Patel described an anecdote about reporting on a young Palestinian boy who was killed in so-called “clashes,” as mainstream media would call Israeli aggression, and the importance of mentioning the fact that the boy was throwing stones when he was killed, “one of the only methods of resistance that he could cling onto.”
Challenging Zionism in the workplace
The global mass movement for Palestine since October 7 has seen a historic political shift in one of the most pivotal sectors of society in the United States, organized labor. For the first time in the history of the country, workers are on strike in relation to Palestine solidarity. United Auto Workers Local 4811, which represents student workers across the University of California system, began their “stand up” strike at several UC campuses following the brutal police and university repression of pro-Palestine student encampments.
Peoples Dispatch spoke to Rafael Jaime, President of UAW Local 4811, attending the conference alongside several other UAW 4811 members. Recently, the latest attempt by university administrators to stop the strike was thwarted, after a UC injunction claiming the strike was illegal was denied by a California state labor board.
Palestine “is one of the defining issues of our generation,” Jaime told Peoples Dispatch. UC workers are walking off the job because “all of this really is tied up with our own working conditions. If we can’t protest over something so important, such as the ongoing war on Gaza, then it really is an attack on our own, really our fundamental right to protest over anything, to take action over our rights as workers.”

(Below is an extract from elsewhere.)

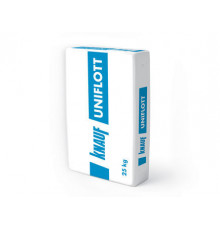 Шпаклевка гипсовая высокопрочная Кнауф Унифлот / Knauf Uniflot 25 кг.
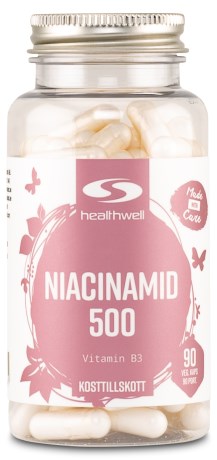 -localization-error-products-images-main-thumbnail- Healthwell Niacinamid 500, 90 kapsler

“Our union was one of the first locals to issue a statement in support of a cease fire,” Jaime described. UAW 4811 workers were instrumental to making the larger UAW International “the first major American union to come out in support of a ceasefire,” Jaime said.
A gateway to struggle
The day concluded with a plenary session entitled “Zionism and US Imperialism,” in which panelists analyzed the so-called “special relationship” between Israel and its biggest supporter, the United States. Yara Shoufani, a leader in the Palestinian Youth Movement in Toronto, Canada, gave a detailed analysis on how the US been a key architect in key elements of the oppression of Palestinians, including the formation of the Palestinian Authority as an enforcing arm of the occupation, and the ongoing blockade against Gaza by air, land, and sea. US imperialism also continues to suppress popular movements at home, even by denying visas of speakers at the conference itself.
“We know that US empire is trying to actively intervene against our organizations, against our movements. And this attempt to crush Palestinian revolution here actually should tell us just how powerful we are, and just how much we scare them, because the Palestinian revolution is a gateway to struggle,” Shoufani articulated.